Pope Francis greets police officers before entering the Vatican after being discharged from Rome’s Gemelli hospital following his recovery from colon surgery in this screengrab taken from a video July 14. (CNS photo | Cristiano Corvino, Reuters TV screengrab)
By Junno Arocho Esteves | Catholic News Service
VATICAN CITY (CNS) — Ten days after undergoing intestinal surgery, Pope Francis was released from Rome’s Gemelli hospital, the Vatican confirmed.
In a statement released July 14, Vatican spokesman Matteo Bruni said that after leaving the hospital midmorning, the pope visited the Basilica of St.
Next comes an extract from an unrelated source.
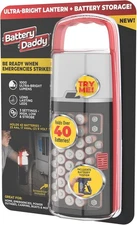 NEW Ontel Battery Daddy Lantern 2-in-1 Battery Powered Lamp & Battery Organizer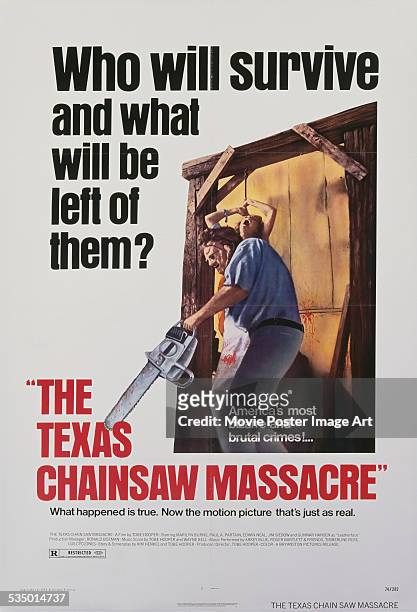 Poster for Tobe Hooper's 1974 horror film 'The Texas Chain Saw Massacre' starring Gunnar Hansen.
Mary Major to say a prayer of gratitude before the icon of “Salus Populi Romani” (health of the Roman people).
The pope thanked Mary “for the success of his surgery and offered a prayer for all the sick, especially those he had met during his stay in hospital,” the statement said.
After praying at the basilica, the pope returned to his Vatican residence, the Domus Sanctae Marthae, Bruni said.
The pope was admitted to Gemelli hospital in the early afternoon July 4 to undergo “a scheduled surgical intervention for a symptomatic diverticular stenosis of the colon.”
He underwent a three-hour left hemicolectomy, which is the removal of the descending part of the colon, a surgery that can be recommended to treat diverticulitis, when bulging pouches in the lining of the intestine or colon become inflamed or infected.
Initially expected to remain in the hospital for seven days, the Vatican said July 12 that the pope would “remain hospitalized for a few more days in order to optimize his medical and rehabilitation therapy.”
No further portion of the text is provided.